What you need to do -> Look below for the line with "singolo Foto Stock", then repeat it and all lines after it, exactly, minus any pictures.

Record extracts ->
+ + +

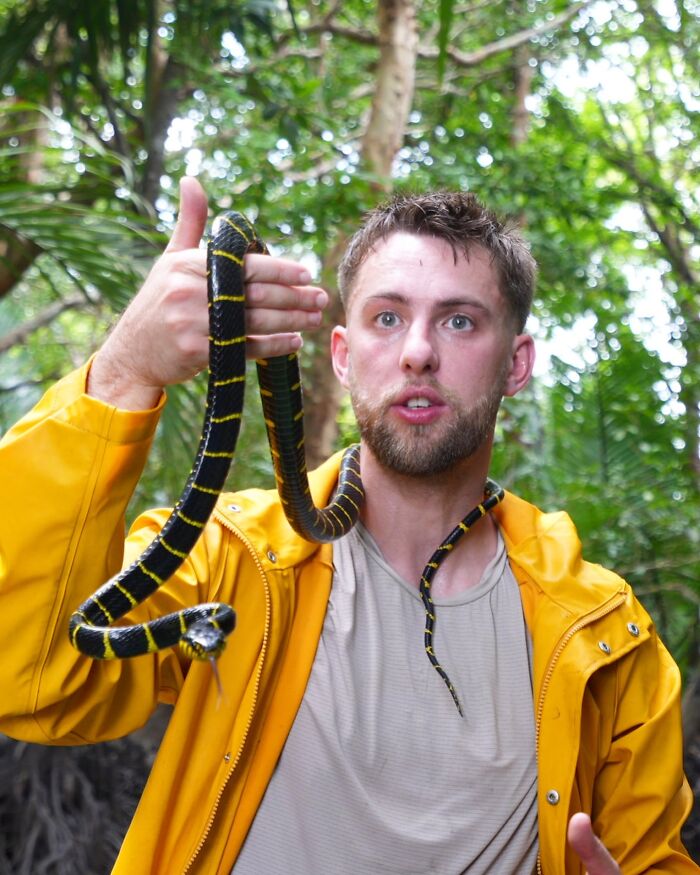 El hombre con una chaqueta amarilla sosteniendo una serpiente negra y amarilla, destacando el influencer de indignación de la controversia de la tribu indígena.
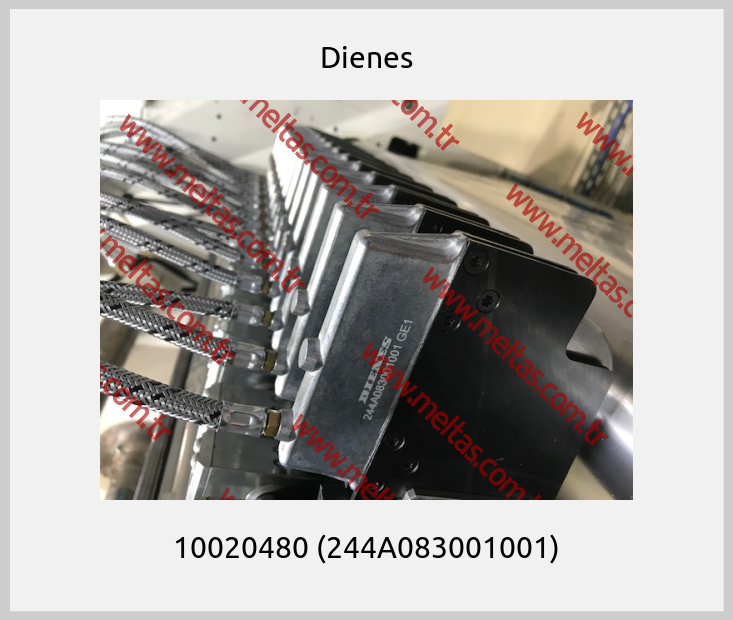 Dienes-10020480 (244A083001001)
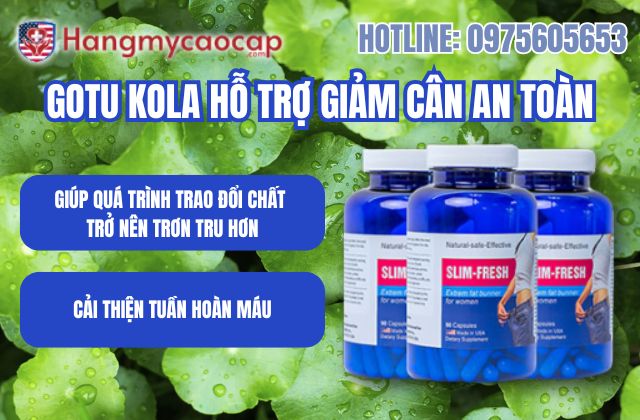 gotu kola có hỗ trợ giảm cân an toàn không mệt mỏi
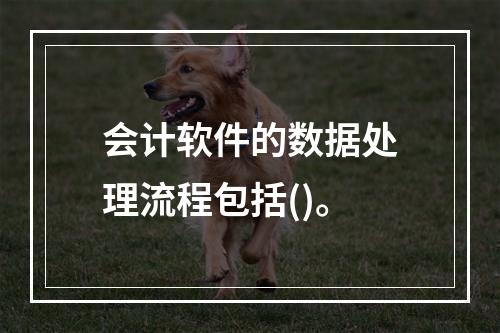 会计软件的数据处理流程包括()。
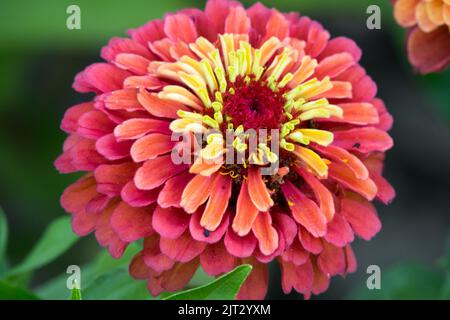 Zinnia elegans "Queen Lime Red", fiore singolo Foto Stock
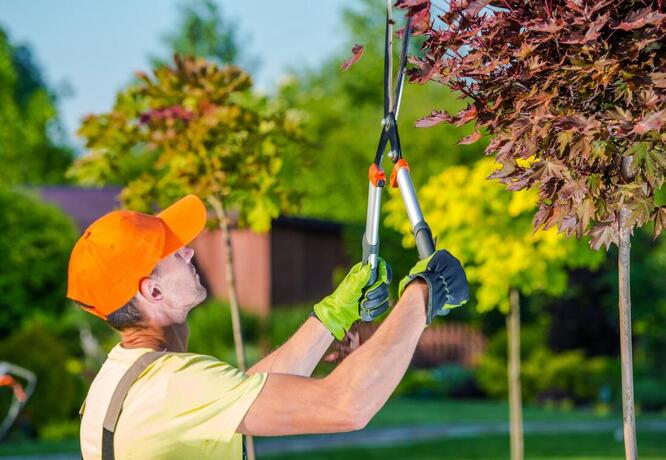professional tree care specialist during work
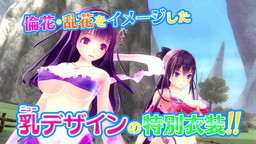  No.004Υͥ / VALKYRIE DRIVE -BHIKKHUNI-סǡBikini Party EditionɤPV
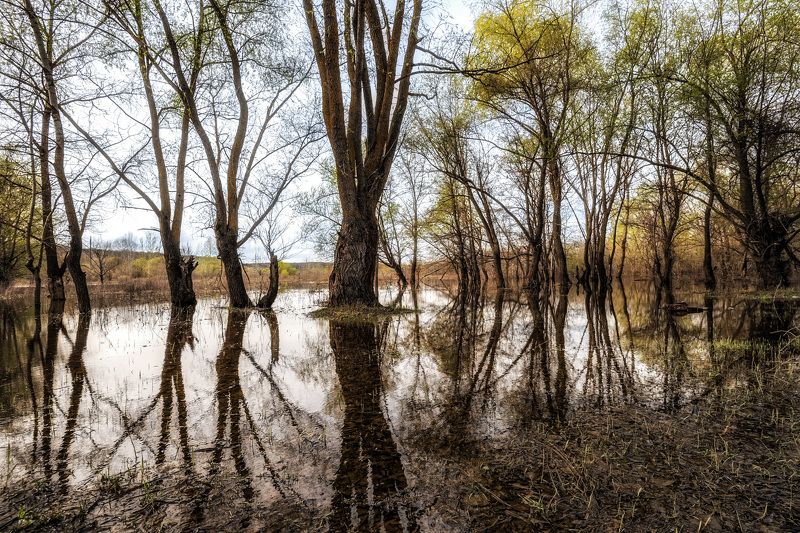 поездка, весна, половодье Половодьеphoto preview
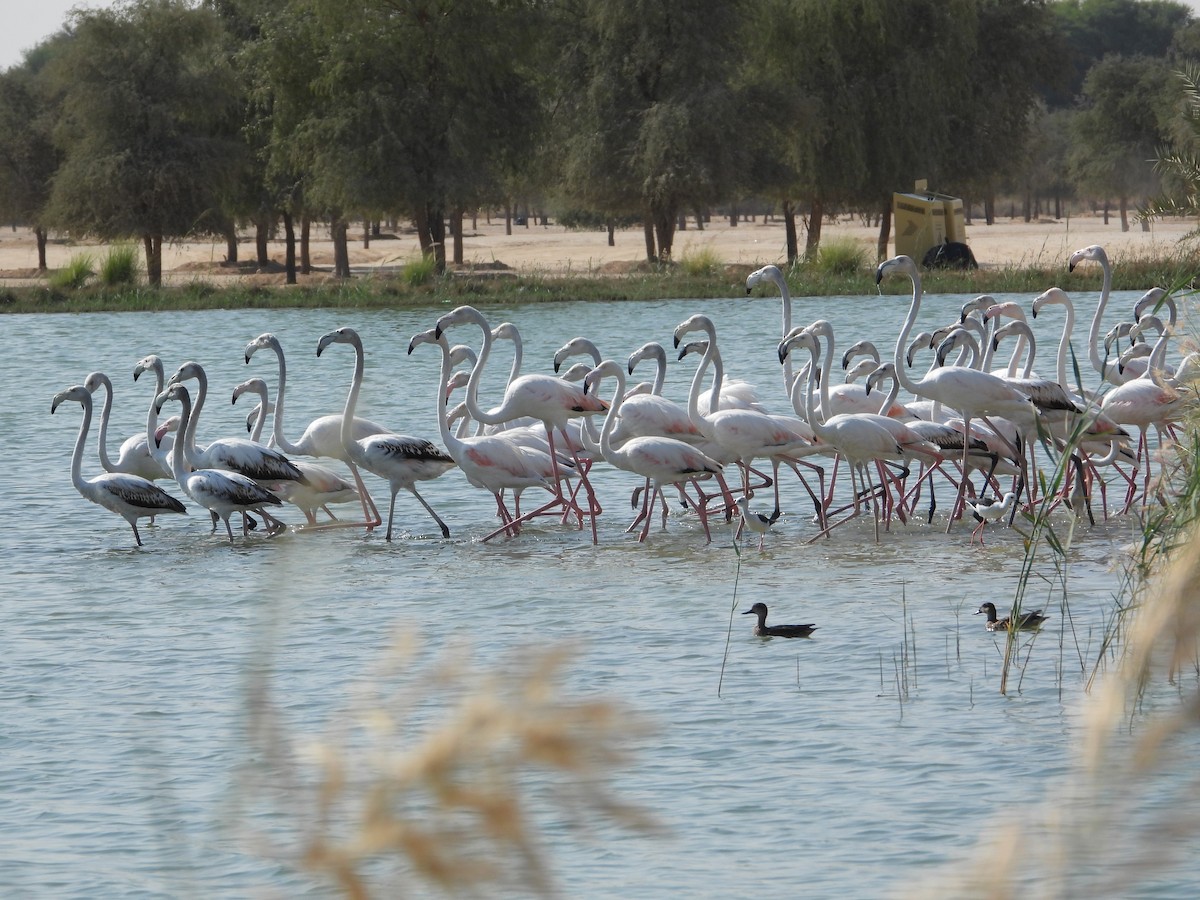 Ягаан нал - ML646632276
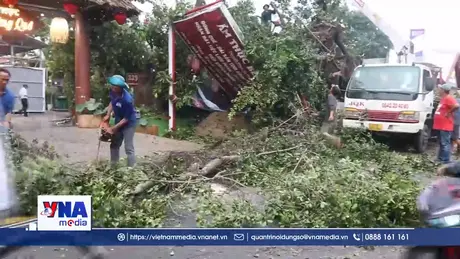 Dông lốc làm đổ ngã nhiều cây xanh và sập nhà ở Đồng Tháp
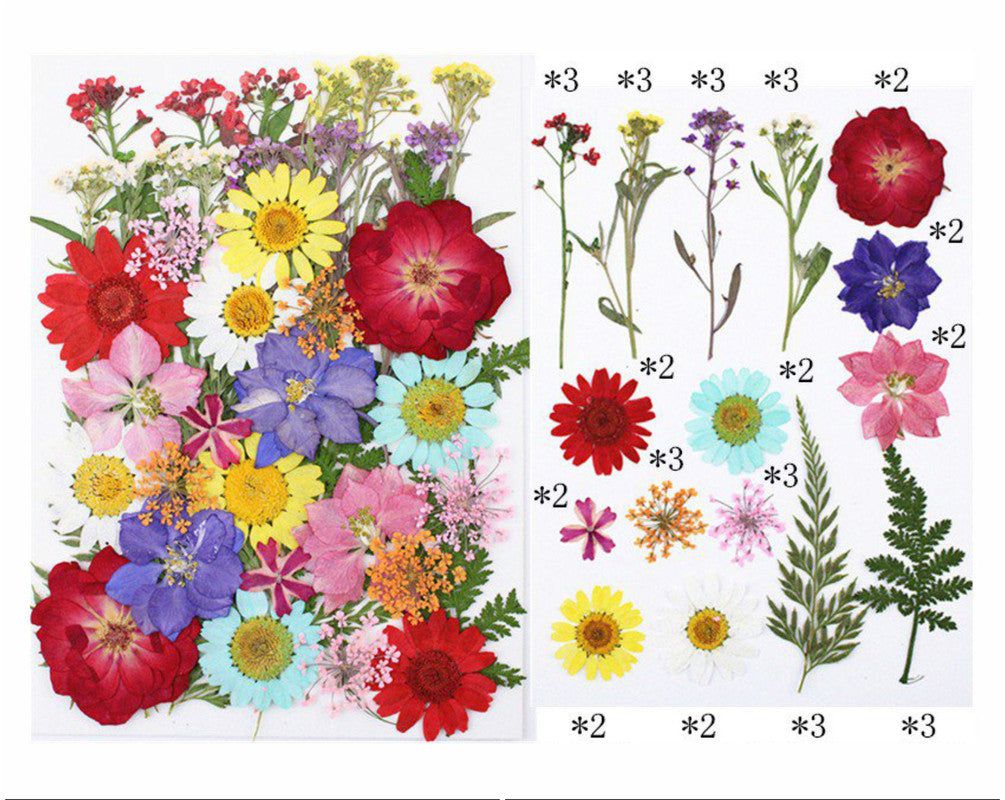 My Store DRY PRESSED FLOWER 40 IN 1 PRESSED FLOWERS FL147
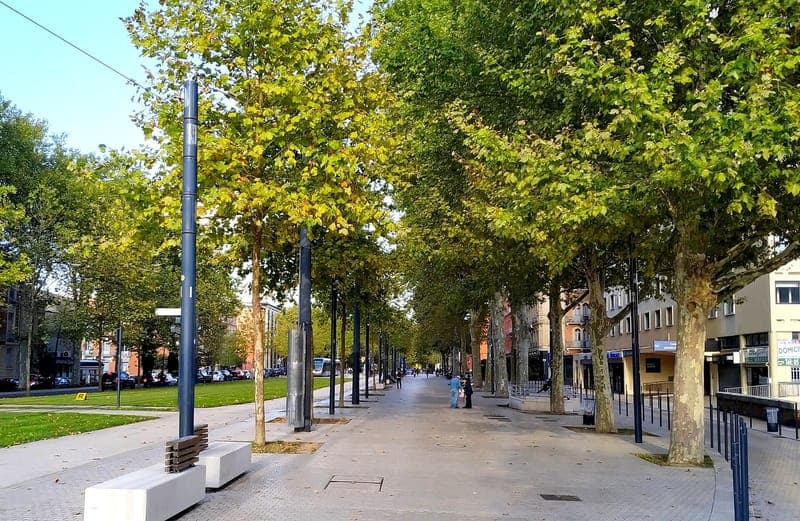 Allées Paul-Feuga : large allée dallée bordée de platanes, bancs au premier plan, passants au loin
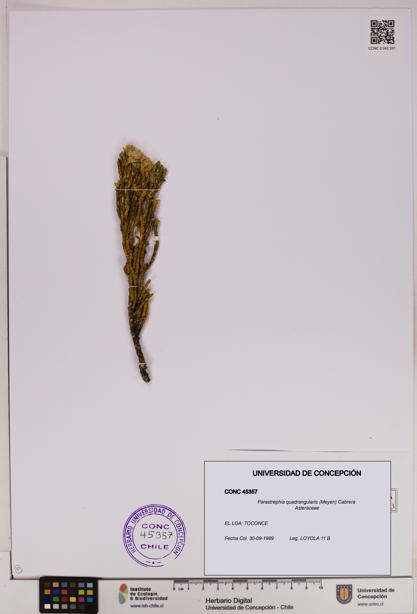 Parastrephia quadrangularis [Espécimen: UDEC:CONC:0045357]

+ + +

The completed task ->
 Zinnia elegans "Queen Lime Red", fiore singolo Foto Stock
professional tree care specialist during work
  No.004Υͥ / VALKYRIE DRIVE -BHIKKHUNI-סǡBikini Party EditionɤPV
 поездка, весна, половодье Половодьеphoto preview
 Ягаан нал - ML646632276
 Dông lốc làm đổ ngã nhiều cây xanh và sập nhà ở Đồng Tháp
 My Store DRY PRESSED FLOWER 40 IN 1 PRESSED FLOWERS FL147
 Allées Paul-Feuga : large allée dallée bordée de platanes, bancs au premier plan, passants au loin
 Parastrephia quadrangularis [Espécimen: UDEC:CONC:0045357]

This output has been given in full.